I'm sure it will be pretty embarrassing, and my friends probably not want to hear this, but they already know it because they lived it with me. When I was a kid, growing up in Boston and later in Plymouth on the South Shore, I was a Yankee fan. I will say it, it is true. And the reason was because, even today, as a journalist it's the same thing, I never rooted for teams as much as I rooted for players, and my favorite player was Dave Winfield. And the reason that I liked Dave Winfield was because as a young, African-American boy, I really was in need of role models. Of seeing someone confident, and Winfield was such a confident player. He looked like he never bowed his head to anybody. And he swung the bat with such confidence, he played in the field and he did so many things that you wanted to emulate.
And then, the black stars on the Red Sox always seemed so burdened. They always seemed as if they didn't feel so comfortable. They were always brooding in some ways. Oil Can Boyd had a very difficult time here. Jim Rice, naturally, had a difficult time in Boston. And Ellis Burks had a difficult time in Boston. And so, there were players that you really wanted to root for, and I rooted for all those guys, but they just never seemed happy. Winfield seemed happy, and I said, "That's my guy." So I ended up rooting for the Yankees.
I think that that is changing slightly, but not much, because the Red Sox haven't really developed African-American players since. So you don't have that evolution in terms of African-American players, but you have it with the Latino players. David Ortiz, for example, is as ebullient and fun-loving and wonderful a character as the city's ever had. Ditto for Pedro Martinez, and the same, in his own, wacky way for Manny Ramirez. So, you have that person of color who enjoys playing here, but it's been very specific to the African-American experience that the black player did not have as good, as comfortable an experience playing in Boston. So I'd like to say that that part of it is changing, but I haven't seen much evidence of it.
In Boston today, do you still see some of the racial issues that you talk about in Shut Out?

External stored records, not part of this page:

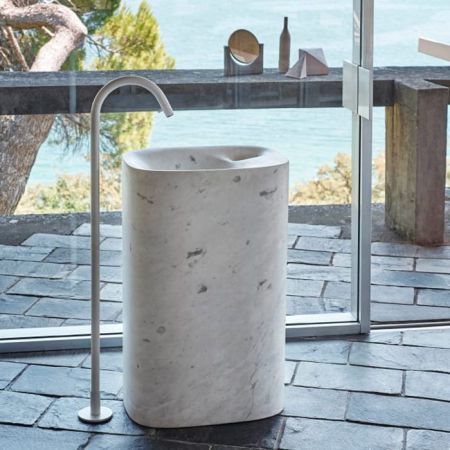 Agape Fez Излив для раковины, напольный, с регулировкой напора, высота: 118см, цвет: белый, артикул ARUB1460000Z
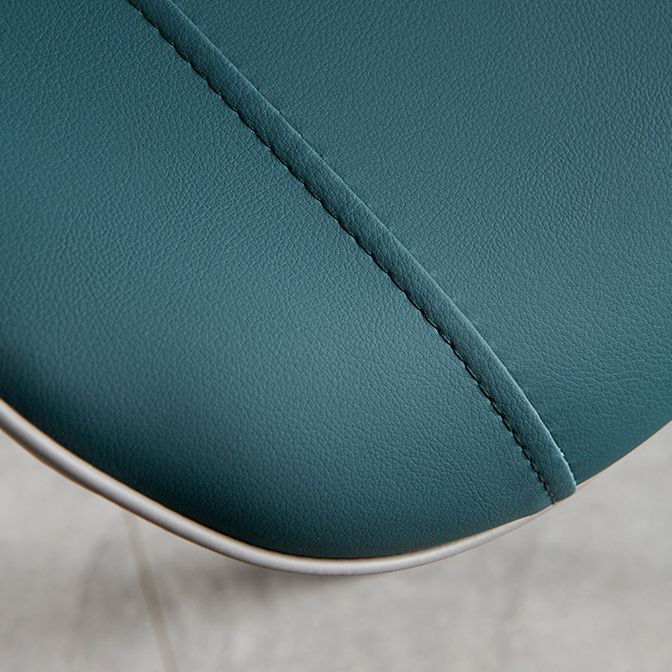 El cuero del estilo minimalista que cena el brazo preside la silla de Parsons del respaldo para el hogar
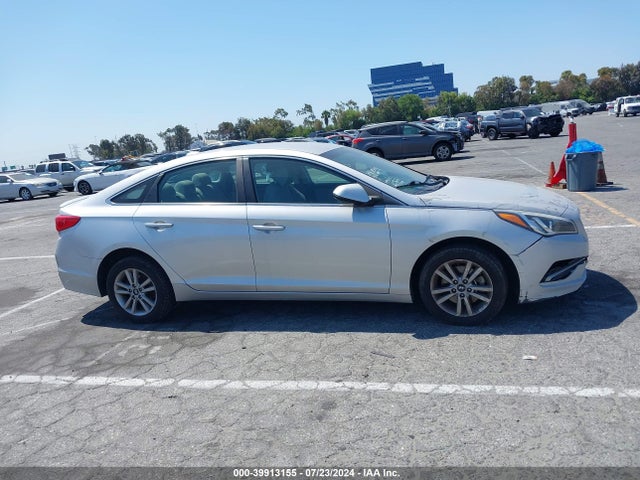 Hyundai SONATA SE 2015 5NPE24AF1FH014480 Image 12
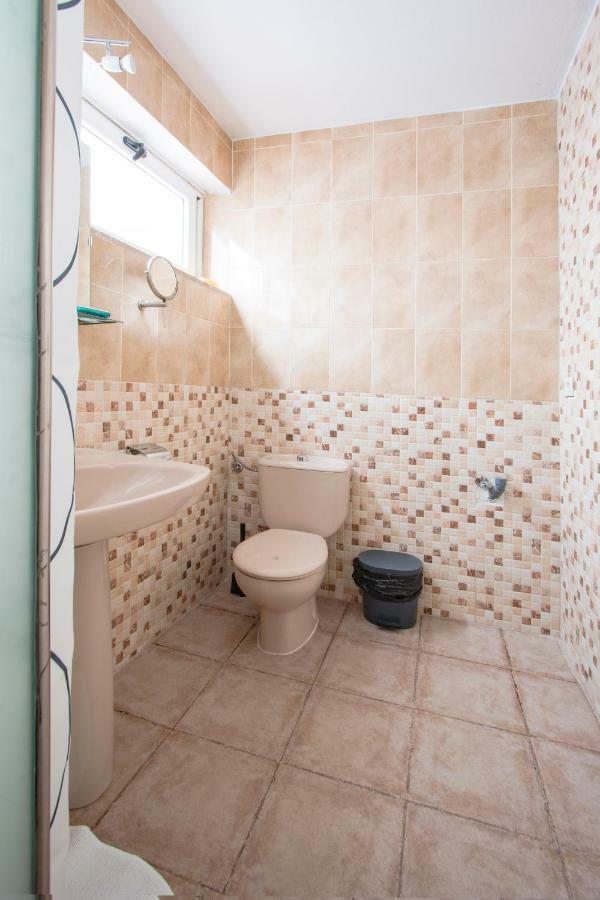 A Ensuite Apartment Con Zona De Patio Арресифе Экстерьер фото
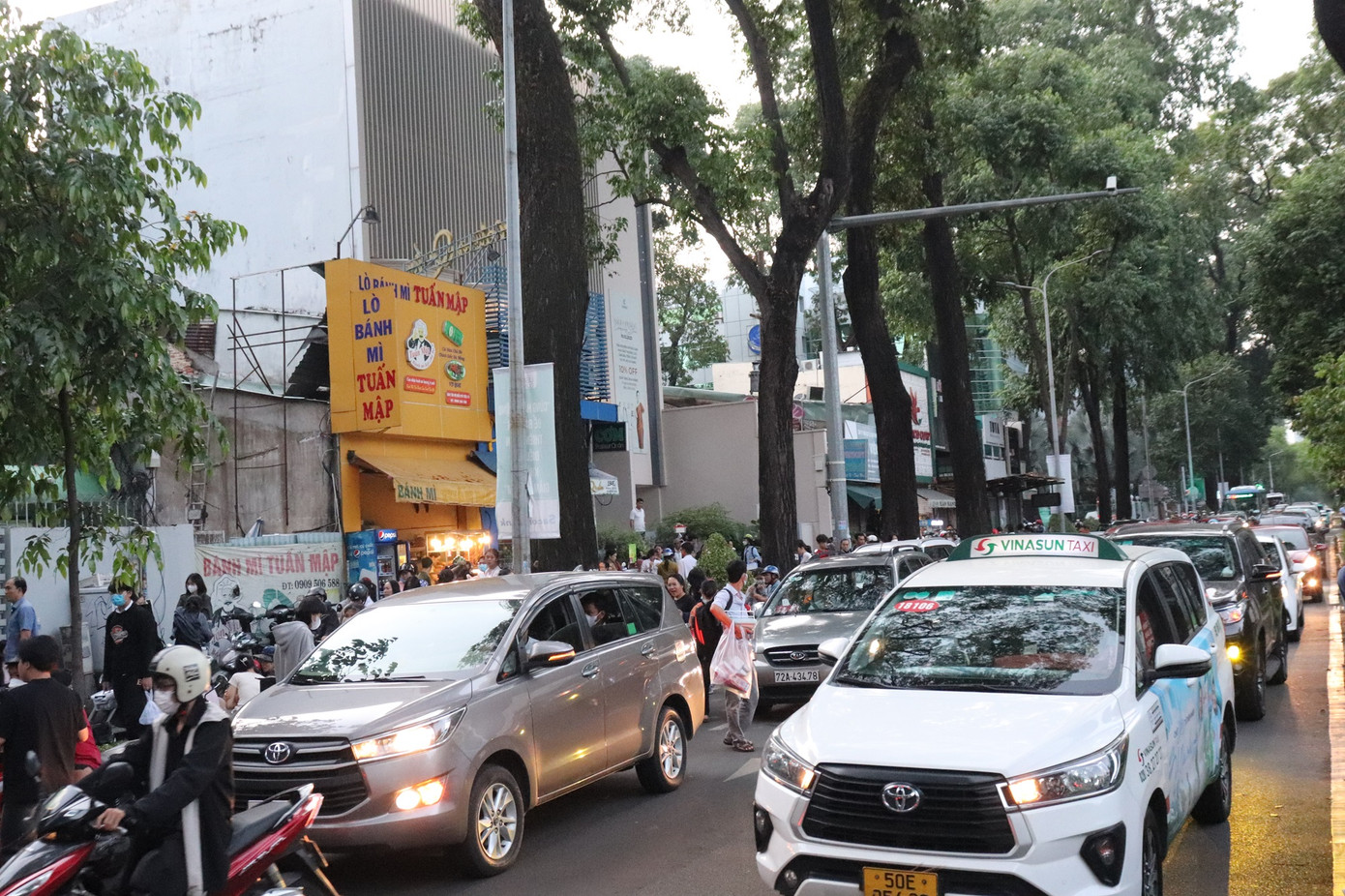 Con đường Pasteur (Q. 3) đoạn đi ngang qua trường chật kín xe. Con đường Pasteur (Q. 3) đoạn đi ngang qua trường chật kín xe.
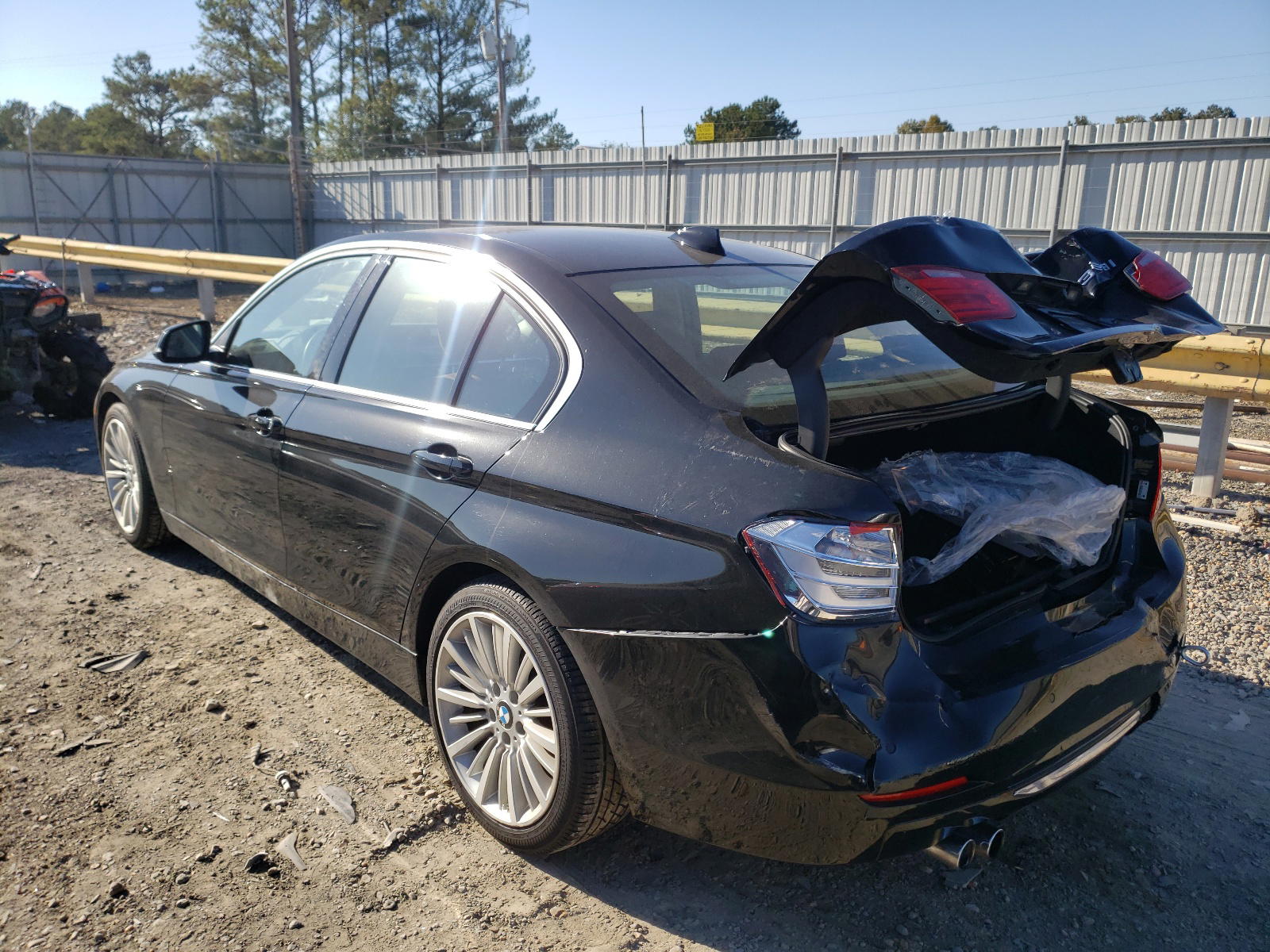 Photo 3 from auction – 2014 BMW 328 I with VIN WBA3A5C51EP602352
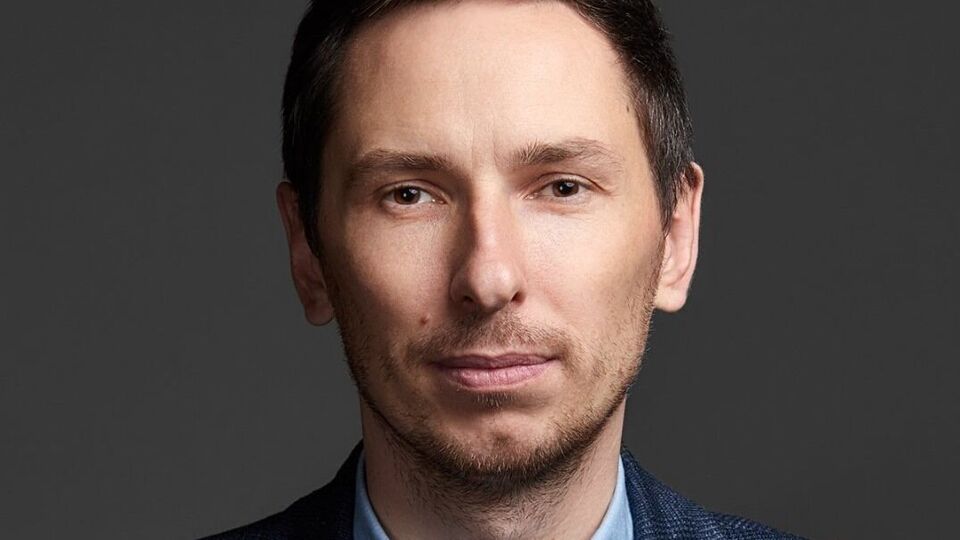 Алексей Выскуб: Закон очень смелый и реформаторский. И там действительно есть нормы, предусматривающие передачу отдельных полномочий от чиновников бизнесу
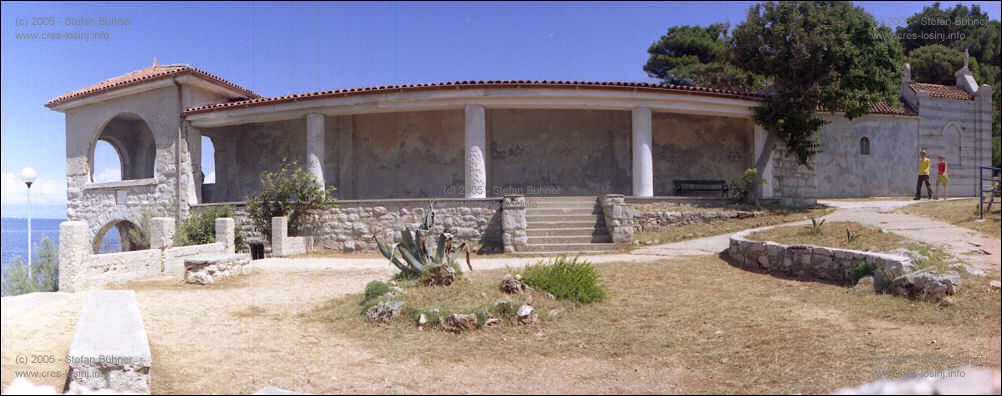 Panoramafotos von Veli Losinj - die Losinj Fans kennen dieses Gebude oberhalb der roten Laterne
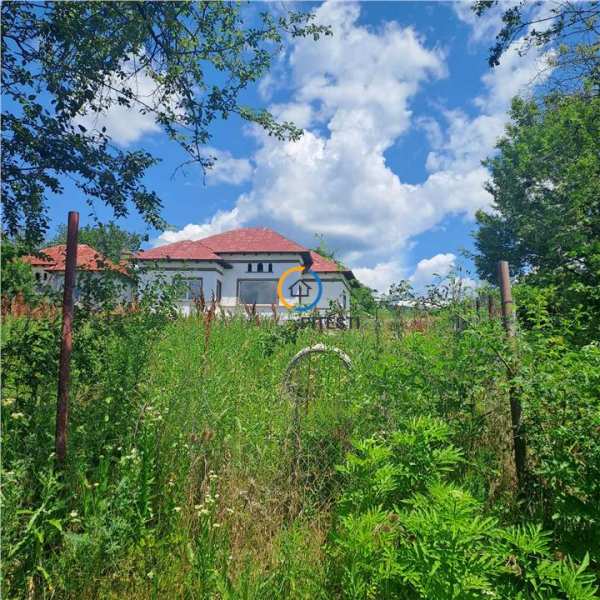 De vanzare casa calinesti-ciocanesti, teren 2600 cu deschidere la asfalt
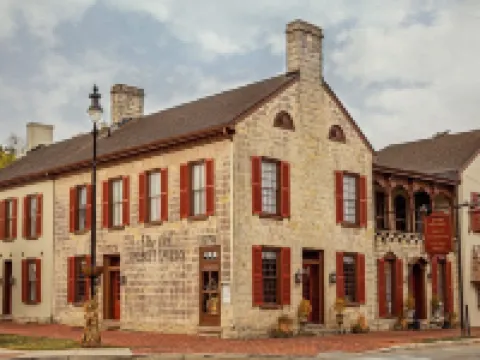 Talbott Inn Hotels in Bardstown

I think one of the amazing things about the city of Boston is its history, its evolution, and I think one of the things that I really enjoyed about doing that project was taking the time to look at the different issues in the city and see how they would play out over time. The book came out in 2002, and in the years since, so much has changed in Boston, both in the Red Sox and their ownership, and the fact that they've won two championships since then. And also, in the city itself. I think Boston has become much more of a money city. I'm not sure that this is all a good thing. I think on the one hand, as a native Bostonian, I liked the diversity of the city and I like the rough edges of the city even if, sometimes, those rough edges stung, they hurt. I think that today, because you have to earn so much money to make ends meet in Boston, that the city has lost a little bit of that ethnic flavor that made it so special. On the one hand, this is a good thing, because it's a much more tolerant city, it's a much more diverse city, it's got much better food. And I think that it makes for a more inclusive city. On the other hand, it can be bad because Boston is not the Boston that we knew before. Boston is not the same city that I remember growing up and that my dad remembers growing up. The neighborhoods have lost a little bit of that specialness that made the North End the North End, or South Boston... or Roxbury... but the one thing we do know is that the city is going to constantly be changing. Some of it's going to be for the better, and, on balance, I think it's a better place than it's ever been.